● **Activity**:
Taking the line with "Playera negra Ross" as the first and the line with "Can you make" as the last, set down the lines below exactly, pictures excluded.

● **Exercise input**:

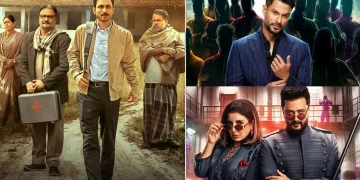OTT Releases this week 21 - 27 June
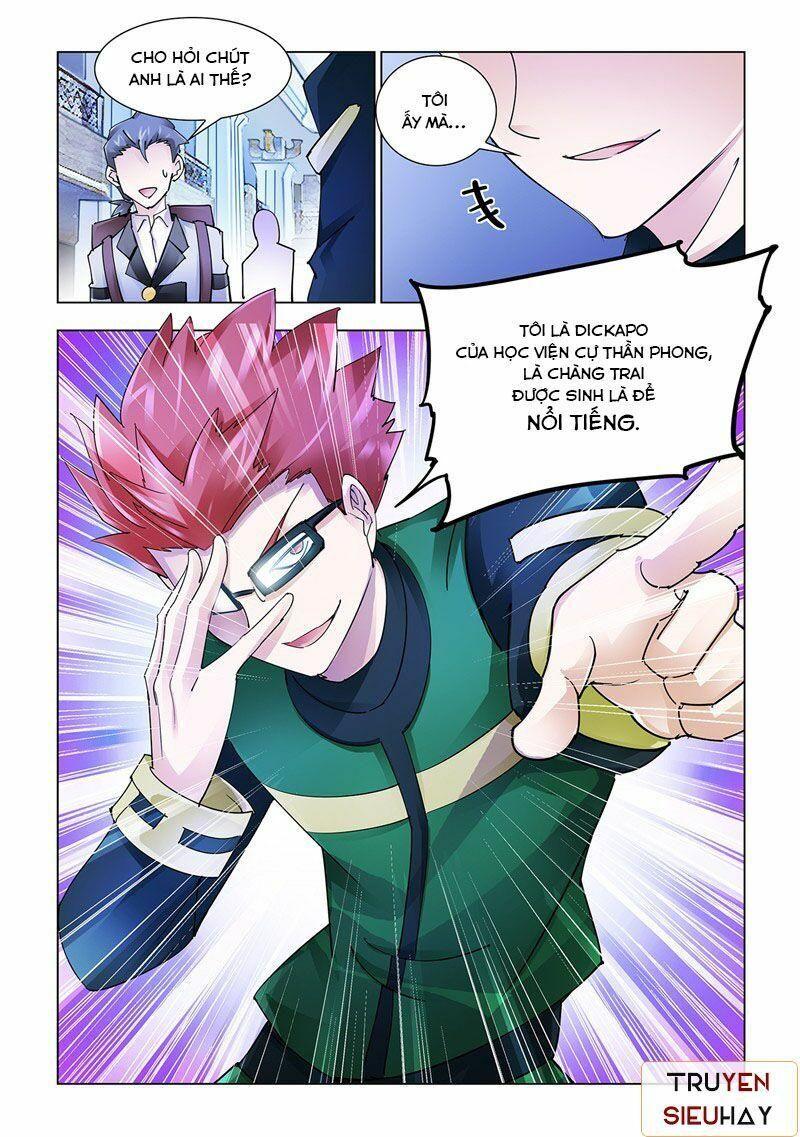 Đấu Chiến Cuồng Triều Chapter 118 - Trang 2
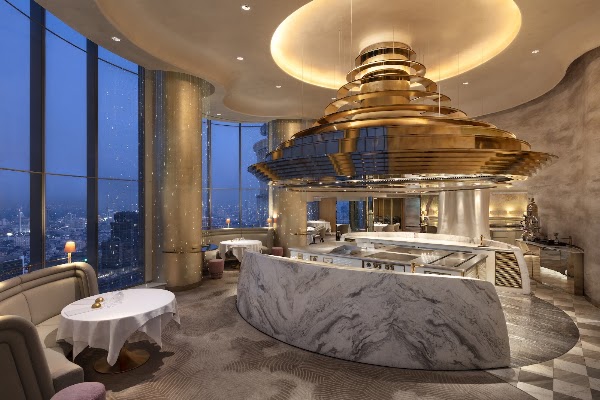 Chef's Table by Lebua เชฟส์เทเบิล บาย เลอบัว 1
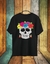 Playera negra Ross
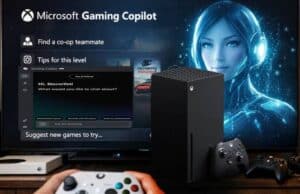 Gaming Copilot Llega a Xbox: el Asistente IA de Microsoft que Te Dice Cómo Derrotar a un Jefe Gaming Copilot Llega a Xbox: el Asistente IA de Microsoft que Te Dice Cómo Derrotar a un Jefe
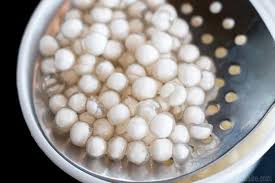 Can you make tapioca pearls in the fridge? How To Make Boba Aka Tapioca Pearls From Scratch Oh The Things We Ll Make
==
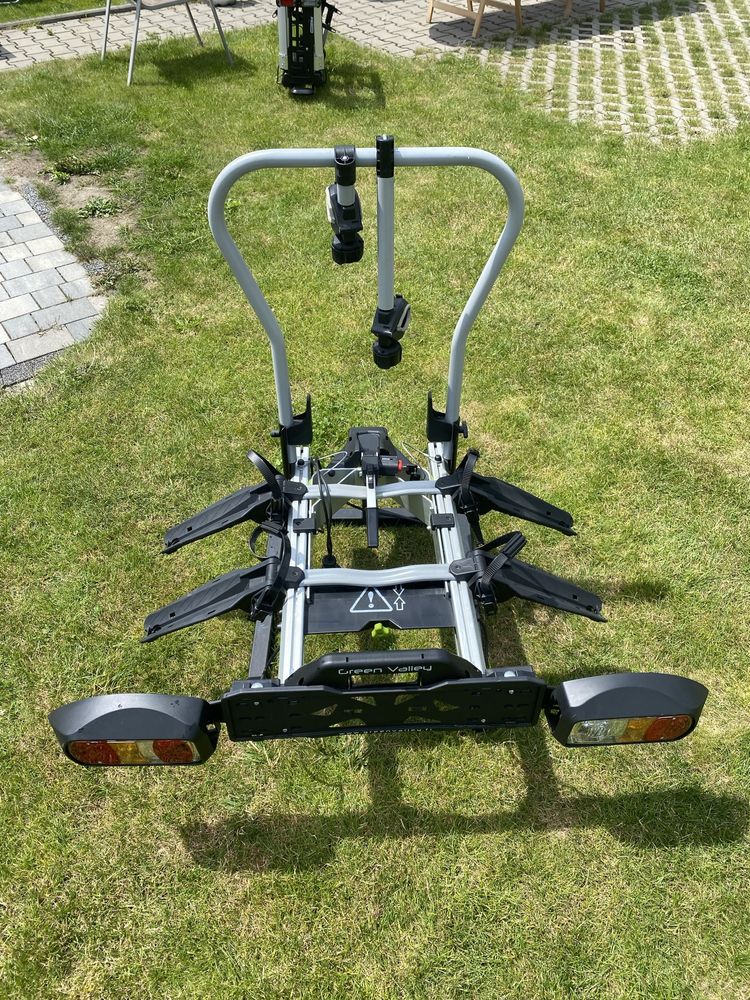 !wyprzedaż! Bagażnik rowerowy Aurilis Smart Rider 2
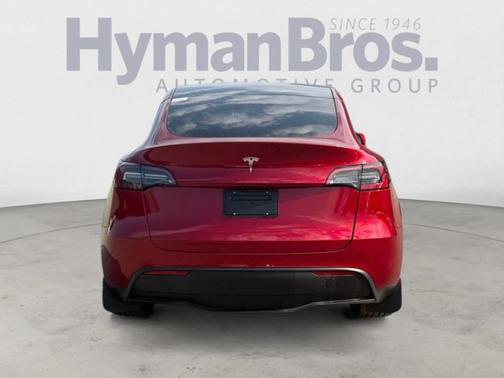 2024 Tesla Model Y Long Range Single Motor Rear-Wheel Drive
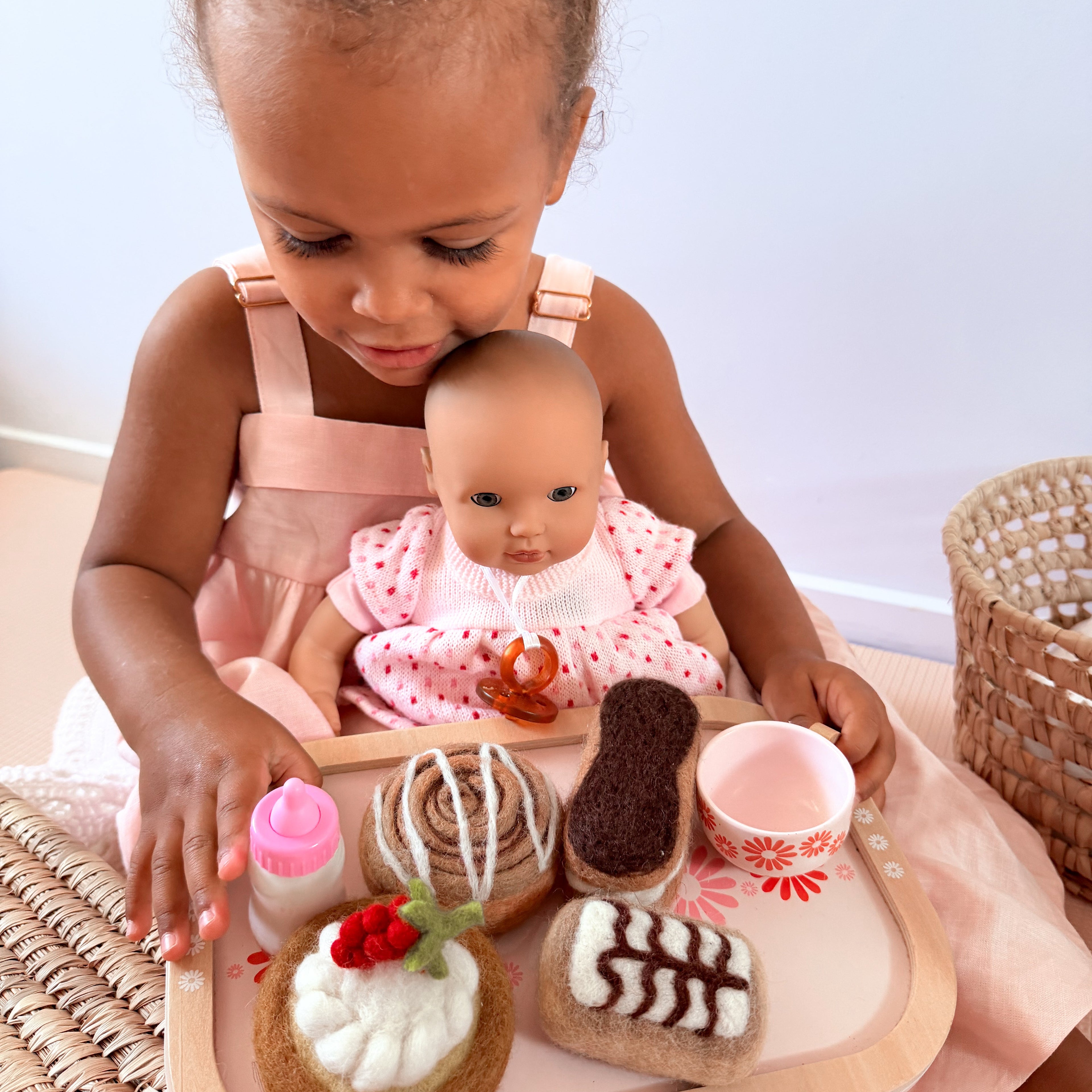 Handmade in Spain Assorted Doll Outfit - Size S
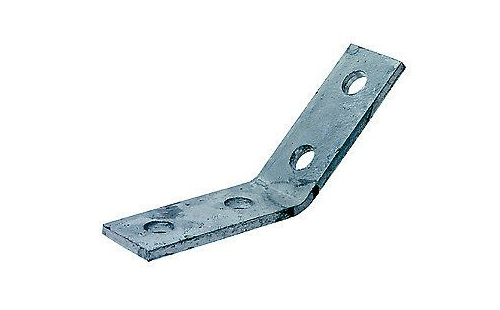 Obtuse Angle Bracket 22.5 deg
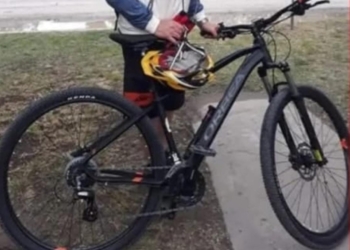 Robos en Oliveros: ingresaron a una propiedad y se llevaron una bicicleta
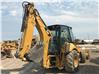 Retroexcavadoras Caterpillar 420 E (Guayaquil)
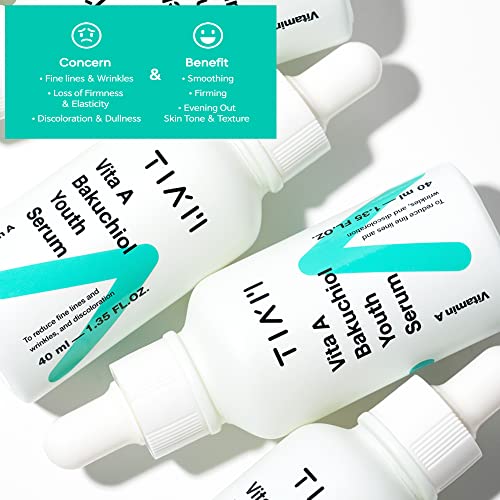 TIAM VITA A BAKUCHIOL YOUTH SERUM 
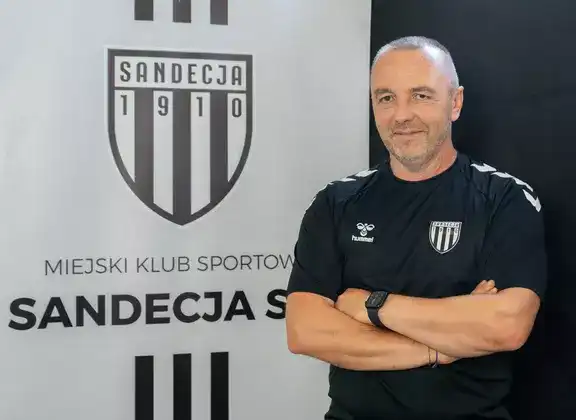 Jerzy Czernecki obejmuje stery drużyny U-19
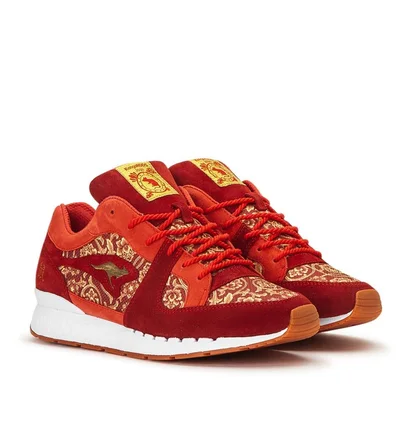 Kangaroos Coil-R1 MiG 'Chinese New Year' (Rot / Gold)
* * *
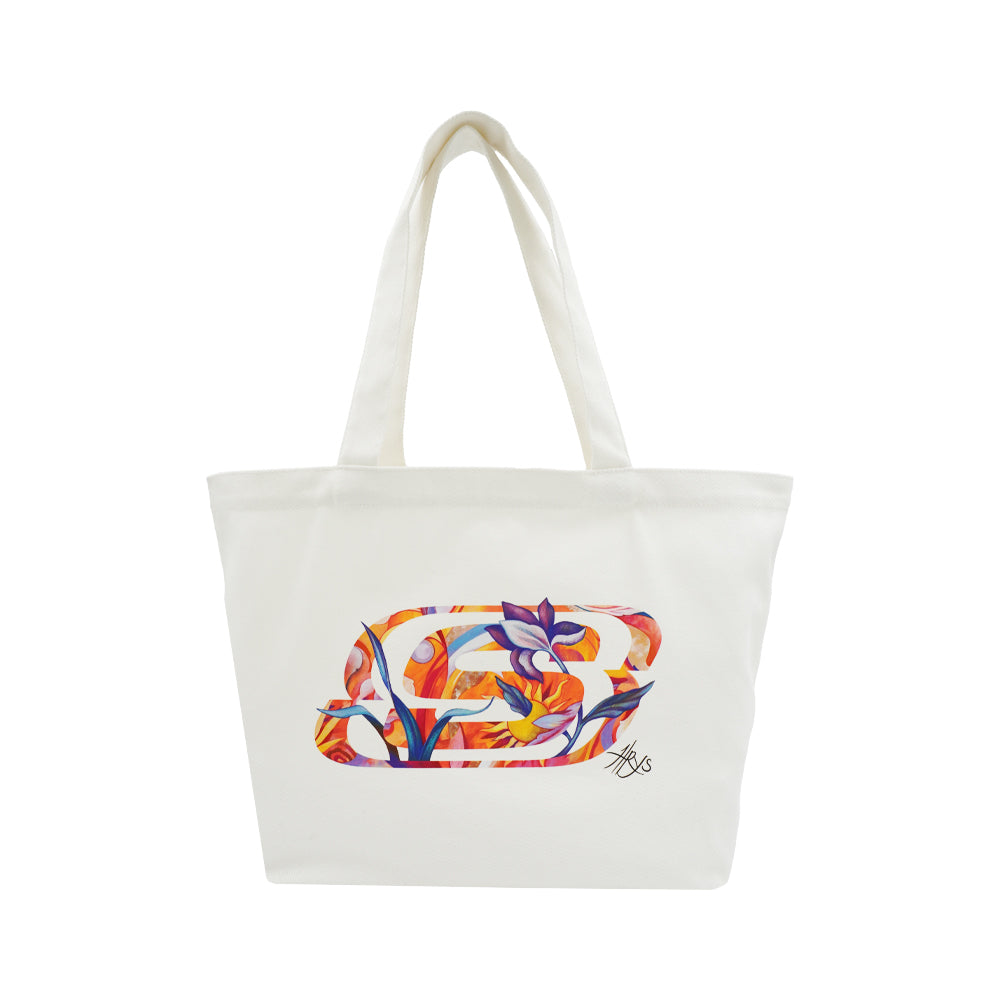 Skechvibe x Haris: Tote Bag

● **Your solution**:
 Playera negra Ross
 Gaming Copilot Llega a Xbox: el Asistente IA de Microsoft que Te Dice Cómo Derrotar a un Jefe Gaming Copilot Llega a Xbox: el Asistente IA de Microsoft que Te Dice Cómo Derrotar a un Jefe
 Can you make tapioca pearls in the fridge? How To Make Boba Aka Tapioca Pearls From Scratch Oh The Things We Ll Make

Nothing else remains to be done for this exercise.